The Wheelhouse: When Auction Plans Go Wrong

The Wheelhouse: When Auction Plans Go Wrong

This article is part of our The Wheelhouse series.

"Everyone has a plan until they get punched in the face."

Mike Tyson said it first, but it's become a mantra of fantasy industry folks explaining how plans can quickly change while building a roster in an auction setting if the room is significantly more aggressive than your projected values.

In many auctions I've been a part of, buying players early has paid off in the form of small discounts. The limitless combination of players available often makes owners more conservative with their spending until the market foundation is established.

Defending Tout Wars Mixed Auction champion Zach Steinhorn started Saturday's proceedings by nominating Jose Altuve, and subsequently winning him at $42. Because the league uses OBP, that price seemed fair, and even $2-3 above my expectation. My immediate thought was that the other top hitters in the pool -- Mike Trout, Mookie Betts, Nolan Arenado, Kris Bryant, Paul Goldschmidt -- would be priced off of that number, and perhaps even more after one of Trout or Clayton Kershaw was sold. This has been the pattern in typical years, anyway.

Kershaw came up for bidding next, and I was happy to get him at $44, since my projection was $45 and as I've said and written for a long time, I'd rather be at or even slightly above projected prices at the top end of the player pool than in the middle, because I have found overpaying in the mid-tier to be more risky.

With Kershaw in hand at $44, I expected Trout to sell at $46-47, and I expected to have him paired with Kershaw in the first 10 minutes of the auction. Before Trout was on the block, Giancarlo Stanton sold for $29, which was another $5+ over my expectation.

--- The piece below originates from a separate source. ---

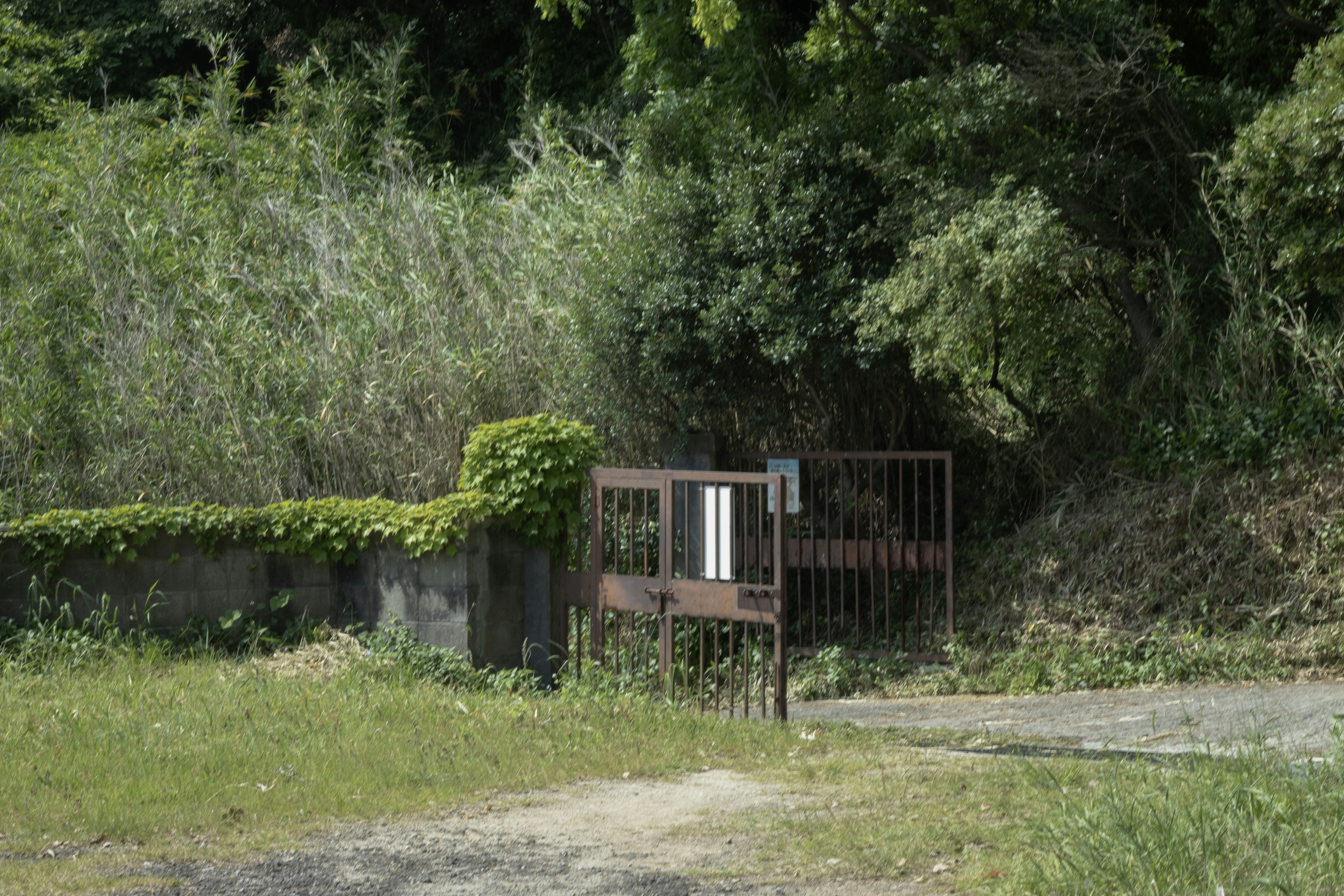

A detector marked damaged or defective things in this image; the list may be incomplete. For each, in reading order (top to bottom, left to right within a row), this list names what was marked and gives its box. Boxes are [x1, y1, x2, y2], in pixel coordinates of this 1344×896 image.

When Trout was nominated, Al Melchior of Fangraphs went to the mat and came away with him at $51, and I started thinking about the best way to go about spending my money early on in a scenario where players might be going $5+ above my values as opposed to the usual $1-2 at the top. The next wrinkle came immediately after the Trout sale, as Scott Engel walked away with Trevor Story at a very fair $27.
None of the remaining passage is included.